Coincident with the start of the reproducibility debate was the advent of online experimentation. Crowd-sourcing websites, such as Amazon Mechanical Turk, offered the prospect of more efficient, powerful, and generalizable ways of testing psychological theories (Buhrmester, Kwang, & Gosling, 2011). The lower monetary costs and the more time-efficient way of conducting experiments online rather than in a physical lab allowed researchers to recruit larger numbers of participants across broader geographical, age, and educational ranges of participants compared with undergraduates (Paolacci & Chandler, 2014). However, online experimentation presents challenges, typically associated with the loss of control over the testing environment and conditions (Bohannon, 2016). Most relevant to the reproducibility debate, online participant pools are large but not infinite, and hundreds of studies are conducted on the same participant pool every day, familiarizing participants with study materials and procedures (Chandler, Mueller, Paolacci, 2014; Stewart et al., 2015). Of particular concern for reproducibility, participants may participate in studies in which they have participated before. A recent preregistered study found sizable reductions in decision-making effects among participants had previously participated in the same studies, suggesting that nonnaïve participants may pose a threat to reproducibility (Chandler et al., 2015). Indeed, nonnaïve participants have been implicated in failures to replicate and declining effect sizes (DeVoe & House, 2016; Rand et al., 2014).

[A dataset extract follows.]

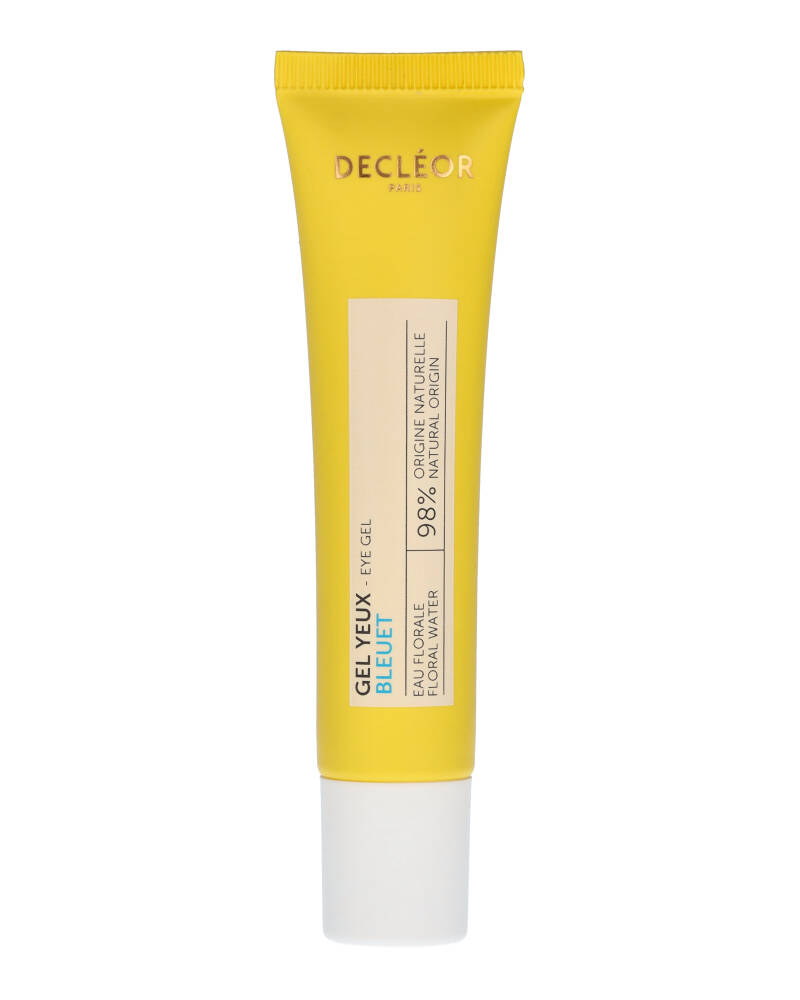 Decleor Hydra Floral Everfresh Hydrating Wide-Open Eye Gel 15 ml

Although concerns with reproducibility span the entire field of psychology and beyond, results in cognitive psychology are typically conceived as comparatively robust (Open Science Collaboration, 2015). We put a sample of these findings to a particularly stringent test by running them under circumstances that are increasingly representative of current practices of data collection but also are documented as challenging for reproducibility. In particular, we conducted the first preregistered replication of a large set of cognitive psychological effects in the most popular online participant pool (Crump, McDonnell, & Gureckis, 2013 and Zwaan & Pecher, 2012 for non-preregistered replications on MTurk). Most importantly, we examined whether reproducibility depends on participant nonnaïveté by conducting the same experiments twice on the same participants a few days apart.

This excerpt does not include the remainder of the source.